If a company cannot break loose their intellectual property and repurpose it to sell to the bottom of their current corporate consumer pyramid, why do they expect to succeed in selling into emerging markets where even the basic assumptions of the product could be wrong?

Transformative Value

How the consumer perceives and utilizes a product and then how the consumer subsequently values the deployed product determines whether the product is merely competitive with existing products or is innovative to some degree. This could be summarized as a product’s “transformative value” or “transformative impact.” In other words, how much does the new product transform the consumer’s life or business?

If you go to an Internet search engine and enter “wacky patents,” you will discover the true breadth of human ingenuity for creating inventions with little or no transformative value, like the “Bird Diaper” for use with un-caged birds (U.S. Patent # 5934226) or the “Spider Ladder” that will provide spiders a means of escape from a bathtub (U.K. Patent #2272154).

I seriously doubt that the inventors of these and other seemingly wacky patents felt that they were bizarre, niche inventions. They were confident they “Had a winner!” Otherwise, they would not have gone to all the trouble, spent all the time, and invested all the money of filing a patent. I am also confident that they did not think a great deal about the size of the market for their inventions or the transformative value to those markets. After all, how many people would want to let spiders escape from the bathtub to roam the house again?

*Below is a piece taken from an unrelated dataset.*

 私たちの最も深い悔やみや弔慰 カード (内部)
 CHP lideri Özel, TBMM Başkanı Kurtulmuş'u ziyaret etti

A consumer or enterprise will have very specific reasons for considering whether a particular product is worthy of their money. The perceived value of a product can be impacted by many factors including:

  • Cost of the product. Lower cost expected for most products but higher cost accepted and maybe expected for luxury products.
  • Quality of the product. Are you getting the quality you are paying for?
  • Aesthetic properties of the product (color, smell, taste). Does the cheaper version taste like cardboard?
  • Quantity of the product. Will you ever use all of it?
  • Reliability of the product. Will it do the job it is purchased for?
  • Ease of use of the product. Are the instructions in a bizarre, compressed language and where is “slot A’?
  • Flexibility of the product. Can the product be used in multiple roles or situations?
  • Brand name of the manufacturer. Is Gucci butter actually better butter and do I need better butter?
  • Consistency of the product. Is the product consistent from one purchase to the next? Fast food comes to mind for most people.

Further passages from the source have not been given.